# First Wedding!...I think.



## Austin Greene (Jan 12, 2015)

Well, it's finally happened. I've got my first wedding on the line. Skipping through all the motivations, etc, I'm left with just a couple questions for all of you seasoned wedding pro's. These folks know I've never shot a wedding, just portraits on the regular, and they are ok with that. By the time their ceremony in August rolls around, I should have second-shot on several. I'm not too worried about my ability to perform, more just the logistics. 

1. Going into the consultation meeting, I plan on discussing the engagement shoot, wedding venue/attendance, final price, and having them sign a contract. Is there anything else I should cover here besides determining their aesthetic tastes for different photo styles? I suppose I'll also gather a registry from them of all the wedding's contacts and their phone numbers, so I can contact the venue myself if I need. Only after the consult will I consider it a "done deal." 

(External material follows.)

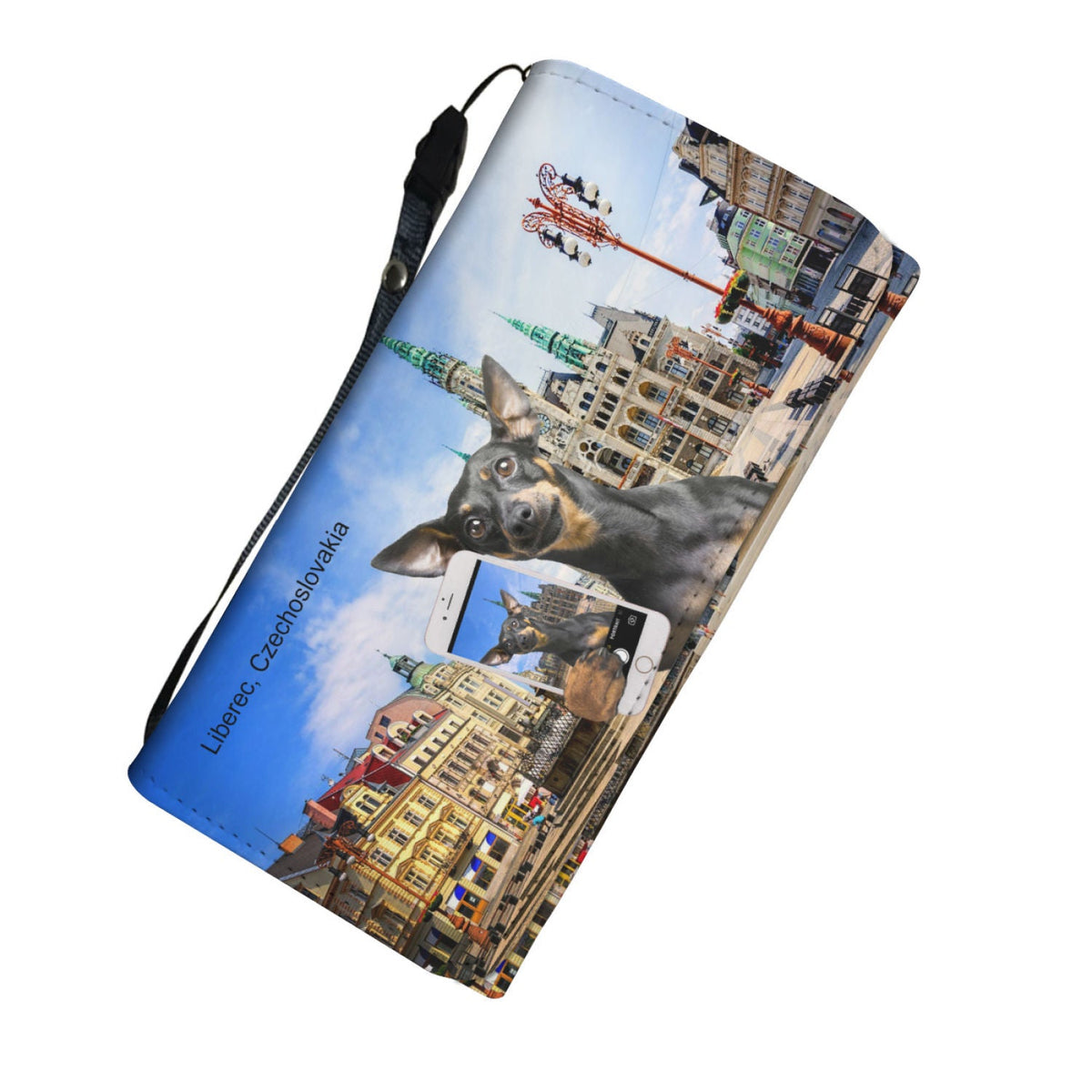 Explore The World With Your Miniature Pinscher  - Women Wallet V1
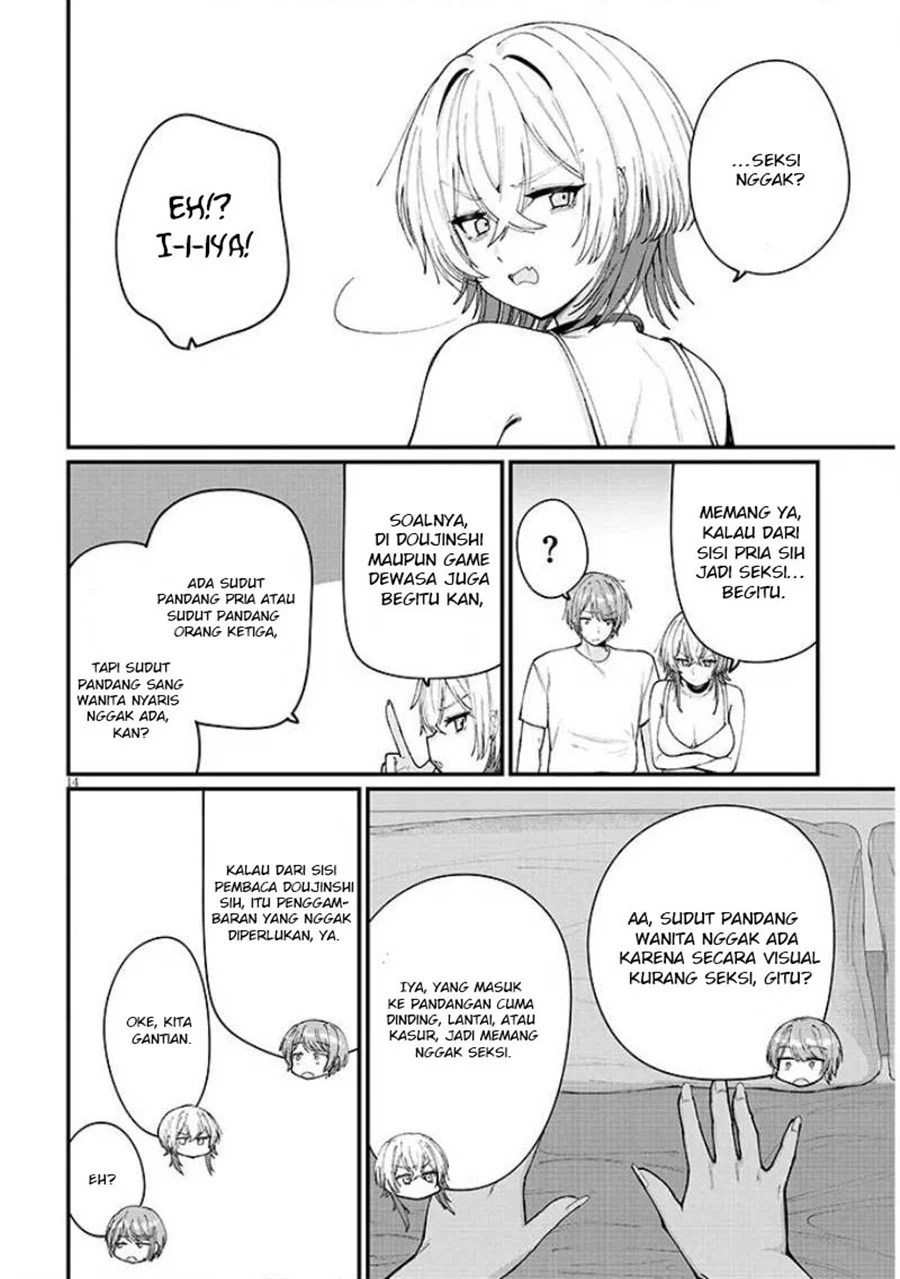 Kakenai node Yatte Mita Bab 2 halaman 15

2. Do you have any specific tips on the engagement shoot or ceremony shots? Not stylistic tips, but just things that a seasoned pro would realize should be covered in an engagement, that someone else might miss? 

3. The ceremony will be in a large, almost gothic church. I plan on visiting after the contract is signed. The reception will be held in a fairly modern restaurant. I would guess that both are quite dark. Any tips on dealing with venue management? 

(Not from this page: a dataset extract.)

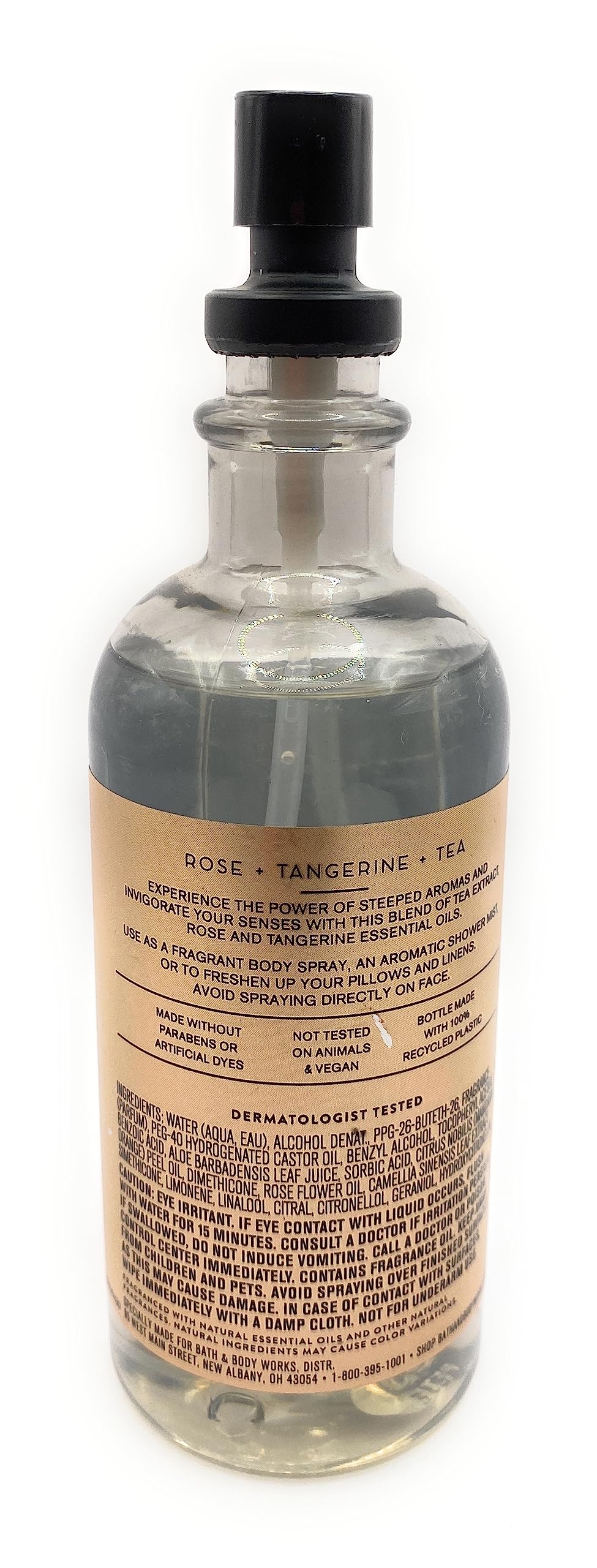 Bath & Body Works Aromatherapy Rose Tangerine Tea Pillow & Body Mist with Natural Essential Oils 5.3 Ounce Beauty & Personal Care Bath & Body Works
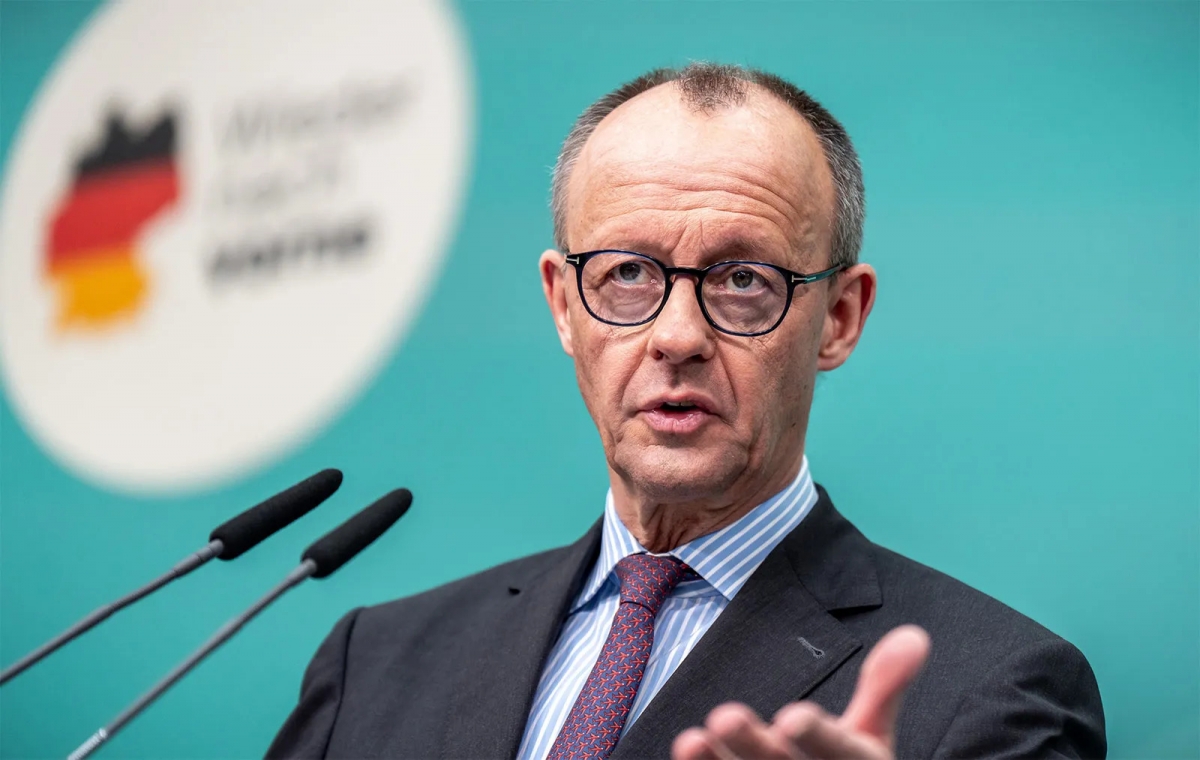 Thủ tướng Đức Friedrich Merz - Ảnh: Britanica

4. Any thoughts on how much to pay a second-shooter to cover 3 hours of wedding? I have plenty of people who would do it for free (and do well), but I would like there to be _some_ incentive on their end to produce quality results. 

5. Lastly, while I'll determine specifics with the couple and do my own research, I suspect this might be a Portuguese wedding. At least, for the church portion. Anyone shoot one of these before? Tips? 

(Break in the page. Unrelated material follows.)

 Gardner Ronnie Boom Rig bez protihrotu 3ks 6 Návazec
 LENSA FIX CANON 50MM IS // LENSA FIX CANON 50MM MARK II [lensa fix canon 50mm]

Can't believe this is happening!


----------



## tirediron (Jan 12, 2015)

Austin Greene said:


> 1. Going into the consultation meeting, I plan on discussing the engagement shoot, wedding venue/attendance, final price, and having them sign a contract. Is there anything else I should cover here besides determining their aesthetic tastes for different photo styles? I suppose I'll also gather a registry from them of all the wedding's contacts and their phone numbers, so I can contact the venue myself if I need. Only after the consult will I consider it a "done deal."
> 
> 2. Do you have any specific tips on the engagement shoot or ceremony shots? Not stylistic tips, but just things that a seasoned pro would realize should be covered in an engagement, that someone else might miss? Engagement shoot should be straight-forward.  Just get an idea of the couple's tasts (and by "couple" I mean the bride.  This is all about the bride.  The groom is only there because it's required by law) and what they like.  Plan the shoot, in other words know where you're going to go, in what order, and have alternate locations in case their are issues with the primary.  As for the ceremony, visit the venue as soon as you can and meet with the Deacon/Rector/whomever.  Find out what is allowed as far as photography and where you can go, where you can't, etc.  I had one wedding several years ago where the officiate didn't want ANY photography during the ceremony, and it took some negotiation on my part to come up with a solution that satisfied the church as well as the couple.
> 
> ...


 Make sure you check out the small details... times & locations for formals, ceremony, etc.  Know how long it will take you to get from 'A' to 'B' and leave lots of time.  Know where you're going to park, and have change/money ready if required.  Try and walk through the venues at the time of day you'll be shooting and for the reception ask if they can show you what the lighting will normally be like for such an event.

Good luck!


----------



## JerryVenz (Jan 12, 2015)

Austin Greene said:


> Well, it's finally happened. I've got my first wedding on the line. Skipping through all the motivations, etc, I'm left with just a couple questions for all of you seasoned wedding pro's. These folks know I've never shot a wedding, just portraits on the regular, and they are ok with that. By the time their ceremony in August rolls around, I should have second-shot on several. I'm not too worried about my ability to perform, more just the logistics.
> 
> 1. Going into the consultation meeting, I plan on discussing the engagement shoot, wedding venue/attendance, final price, and having them sign a contract. Is there anything else I should cover here besides determining their aesthetic tastes for different photo styles? I suppose I'll also gather a registry from them of all the wedding's contacts and their phone numbers, so I can contact the venue myself if I need. Only after the consult will I consider it a "done deal."
> 
> ...



Austin,

Welcome, in advance, to the crucible of wedding photography!  MY wife and I did weddings in your neck of the woods ( our studio was in downtown Saratoga for 14-years--Venz Fine Photography was the name ).
With over 25-years doings weddings--We were one of the few studios in northern California that were Ritz Carlton preferred photographers--we have lots to share!

At the consultation:

Definitely include an Engagement Session AS YOUR GIFT to them for choosing you as their photographer. However, I strongly suggest that you stop there--do not include ANY free prints or digital files from the engagement session.  Many photographers give away the farm trying to one up their competition when building their wedding packages and wind up working at minimum wage at the end of the day.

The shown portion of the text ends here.